I'm sure there are some others. But each Tool needs to grant at least one of these things, because otherwise they are more often than not useless. And I know that I'm going to go in and change all these Tool and Kits to grant some of these things so that they actually will gain a PC something worthwhile.
 

On Puget Sound

First Post
It's really not. There is this odd obsession with the math that came out of the character optimization practices and balance focus of the relatively recent past. For most games if the math is off here or there, like it was frequently in 1e, it doesn't really take much away from the game. Some things simply become slightly more or less challenging, but overall the math is not the game (nor are the rules the game). The tone of the game, the classes and races, the implied setting and defining factors that make this feel like D&D, the simplicity or complexity, those sorts of concepts are far more important for the game than the math.

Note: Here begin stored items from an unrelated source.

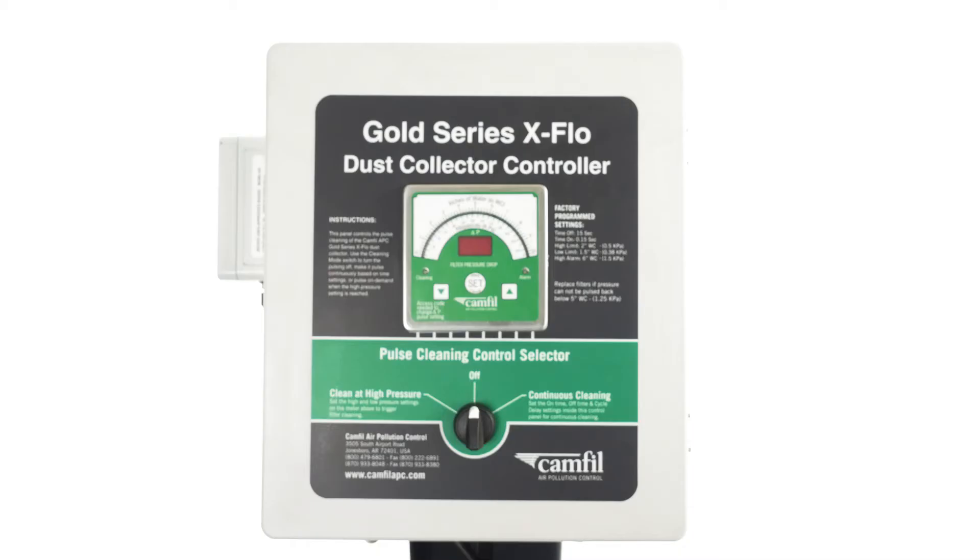Now that the controller has been installed, you are ready to move on to the controls.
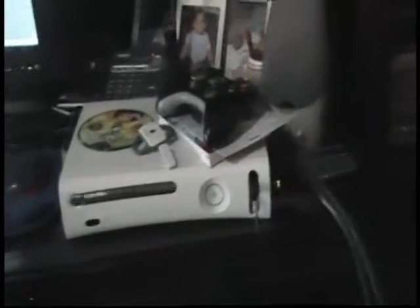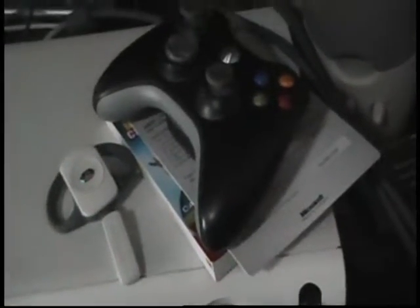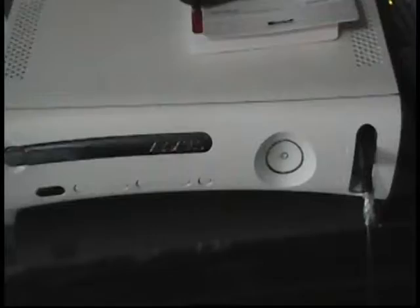This is gonna be a video about my games and my Xbox 360 accessories. First, this is my Xbox black controller and wireless headset.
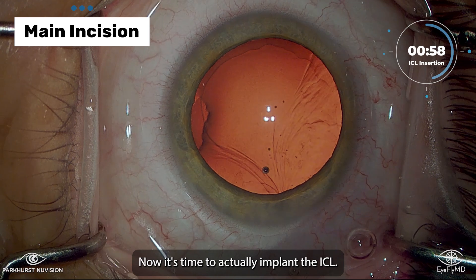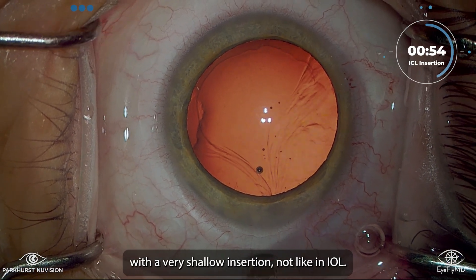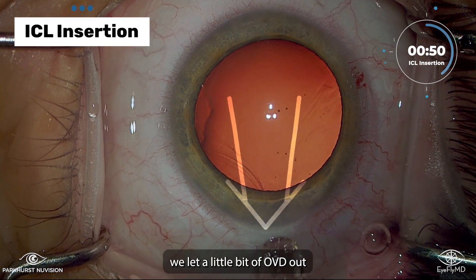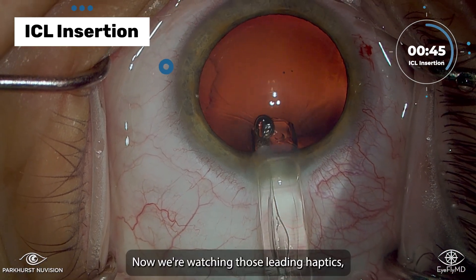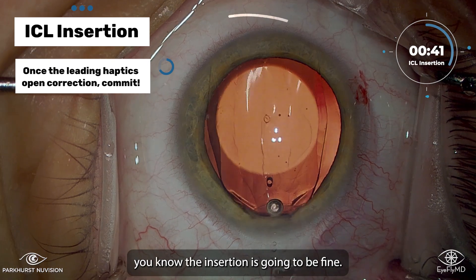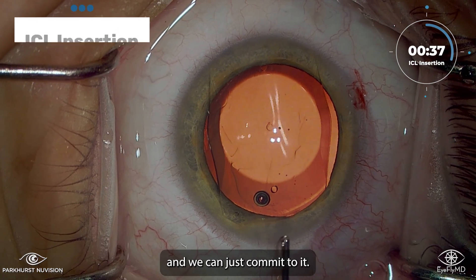Now it's time to actually implant the ICL, and we're going to do that with a very shallow insertion — not like an IOL. We're not aiming for the bag; we're aiming for the angle. But before that, we let a little bit of OVD out, just so there's less behind the actual lens. Now we're watching those leading haptics, and once they unfold in the right orientation, you know the insertion is going to be fine — it's going to open correctly and we can just commit to it.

I profoundly disagree. If the math doesn't work, nothing else matters. I can write all the other stuff myself; what I need to pay someone else to do is to make a sturdy structure to hang it on.
 

GX.Sigma

Adventurer
I profoundly disagree. If the math doesn't work, nothing else matters. I can write all the other stuff myself; what I need to pay someone else to do is to make a sturdy structure to hang it on.
But when you're making a game, the math is the last thing you have to worry about. They weren't focusing on the math in January because they still didn't know what the core classes or skills would look like back then. If they made a super-balanced system assuming Fighters had scaling bonus damage dice, and Rogues had a minimum threshold on all their skill checks, they would have to do all that math again when those elements proved unpopular.
 

MJS

First Post
I think rules for tools (lol) are a completely unnecessary complication. Its like someone's house rules tacked on. I wish TBTB would realize that a basic D&D is the only product that has a prayer in hell of being sold along with the other games and building the hobby.
That said, I look forward to an RPGA 5E playtest this Saturday.
 

Mistwell

Crusty Old Meatwad (he/him)
I profoundly disagree. If the math doesn't work, nothing else matters. I can write all the other stuff myself; what I need to pay someone else to do is to make a sturdy structure to hang it on.

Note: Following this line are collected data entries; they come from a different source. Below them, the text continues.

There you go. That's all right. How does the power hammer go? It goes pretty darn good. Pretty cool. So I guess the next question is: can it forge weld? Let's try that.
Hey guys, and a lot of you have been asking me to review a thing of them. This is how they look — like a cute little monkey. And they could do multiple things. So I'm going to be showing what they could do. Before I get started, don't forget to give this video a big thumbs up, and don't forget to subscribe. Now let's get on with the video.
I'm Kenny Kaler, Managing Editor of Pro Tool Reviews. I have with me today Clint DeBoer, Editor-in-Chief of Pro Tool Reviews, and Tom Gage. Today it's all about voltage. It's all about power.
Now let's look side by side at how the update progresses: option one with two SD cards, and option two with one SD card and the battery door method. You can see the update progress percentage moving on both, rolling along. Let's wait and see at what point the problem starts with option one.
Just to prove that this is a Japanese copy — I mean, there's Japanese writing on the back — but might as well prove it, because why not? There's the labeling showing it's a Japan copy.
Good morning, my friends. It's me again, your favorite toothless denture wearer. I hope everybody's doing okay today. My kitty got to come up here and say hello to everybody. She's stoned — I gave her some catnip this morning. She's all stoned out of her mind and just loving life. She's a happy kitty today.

Try writing a complete RPG some time that others will want to play. The math is the easy part, and the indie game scene is littered with games where the math and balance is very tight, but very few are interested in buying the games because they're boring or cumbersome. It's not that the math "doesn't work" with 5e as it stands. It works fine. It's just that it has not achieved the level of balance you desire, so a couple things are off a bit here and there. But nothing breaks right now...the game is already functioning fine with the current level of math. They'll tweak it some more, but this idea that the math is everything...it just isn't. 1e D&D did smashingly well with arguably substantially worse math than what we have right now. But, it inspired people in ways that competing games at the time did not (and many of those competing games had tighter math as well).
 

pemerton

Legend
I think getting the math right can lead to all kinds of problems.

<snip>

Math really does affect tone.
If the math doesn't work, nothing else matters. I can write all the other stuff myself; what I need to pay someone else to do is to make a sturdy structure to hang it on.
I'm someone who also thinks the maths is crucially important as far as my personal preferences are concerned.

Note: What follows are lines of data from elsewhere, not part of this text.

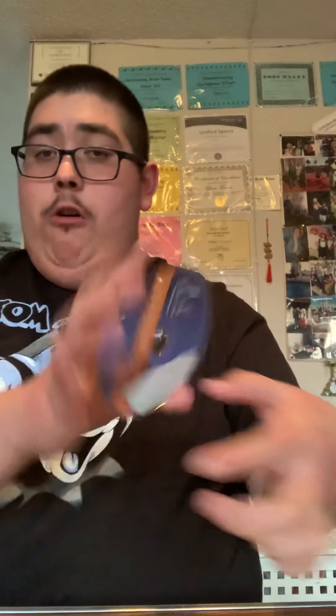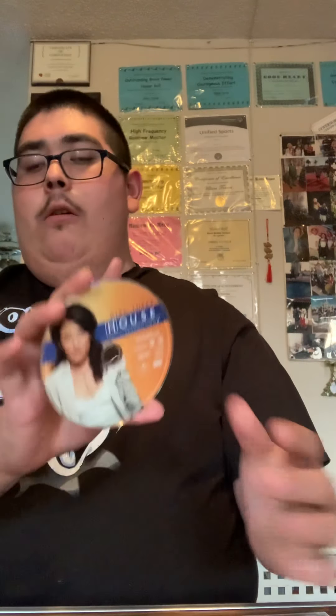When you open it up, you see the six discs of Season One. Disc number three has — I forgot her name, I saw the show but... Number four has Dr. Chase, Robert Chase. Number five has 13, and finally Wilson on the final disc.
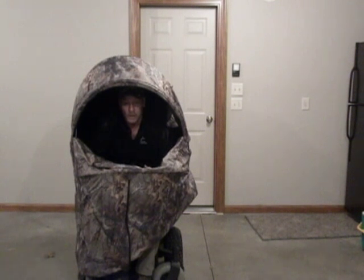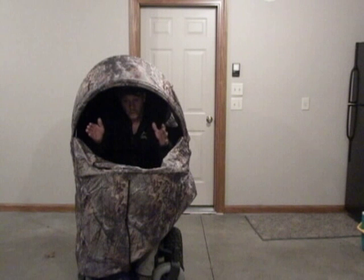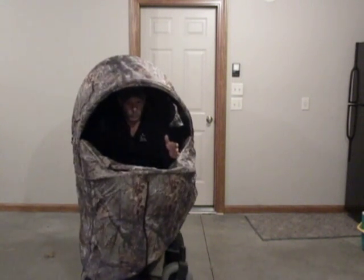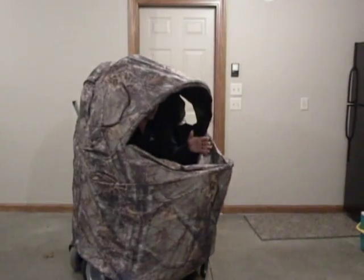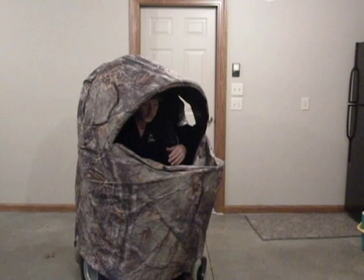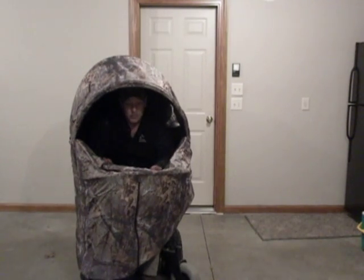The other advantage Noah has with this setup over a standard blind is: as long as it was far enough away and the animal couldn't hear, if the animal was in a position where Noah couldn't turn his body, he could turn the whole blind to get the shooting position he needed. Hope this helped you guys out, and good luck to everybody.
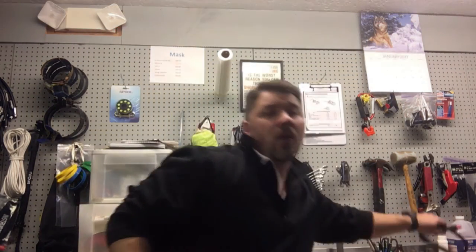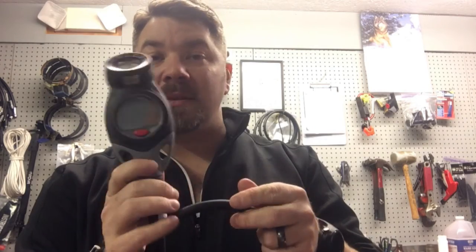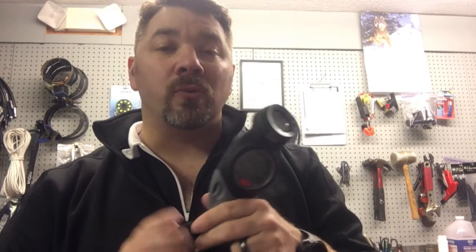Depending on what type of diving I'm doing — if I'm in a public safety situation where I need to go retrieve a body or go after evidence — I wear the Mares Puck Air with the compass. I wear this on my public safety regulator because in a public safety situation I may need to log, download, and print off that information and present it in court for whatever reason.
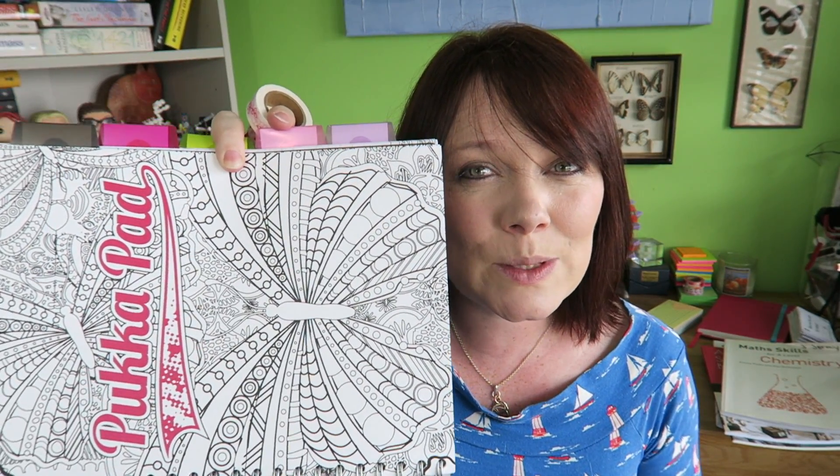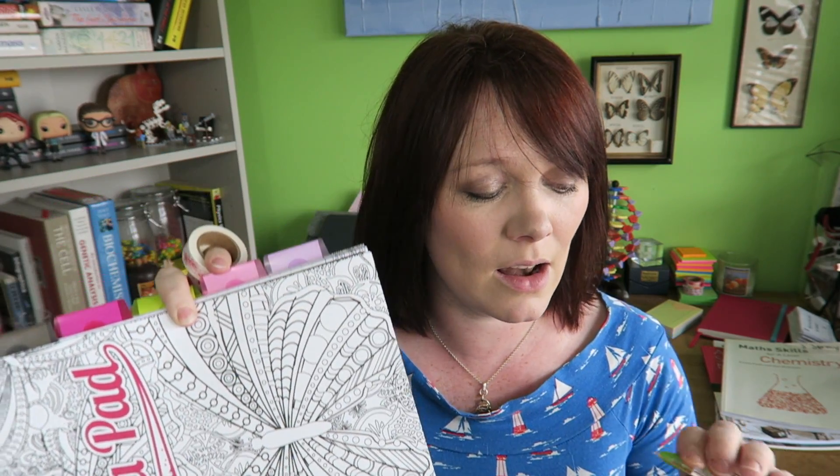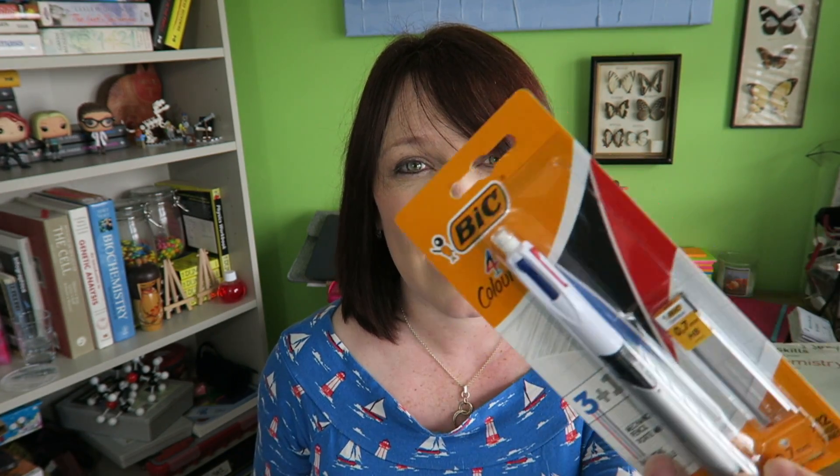You're going to need loads of stationery. Nice tape so you can colour code all your books, post-it notes so you can work out which bits you need to do when. These notepads are awesome because you can doodle in class. And these pens are so good for A-Level Chemistry because you're going to be highlighting your notes — and this one here is three pens and a pencil, not just your standard four colour pens.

But I think that [MENTION=2525]Mistwell[/MENTION] is expressing a majority opinion as far as the market of D&D players is concerned. As far as saleability and popularity are concerned, I don't think that maths are that important. Apart from the reasons that Mistwell, gives, consider two other popular games: Vampire the Masquerade, which has very non-transpraent maths; and Pathfinder. What do Paizo offer with PF that WotC weren't able to make viable with 3E? Not especially tighter maths, as best I can tell. Paizo offers colour + compelling mechanical bibs and bobs, much of which are themselves contributions to colour as much as anything else.

Good colour - the "bells & whistles" - go a long way in promoting an RPG, I think.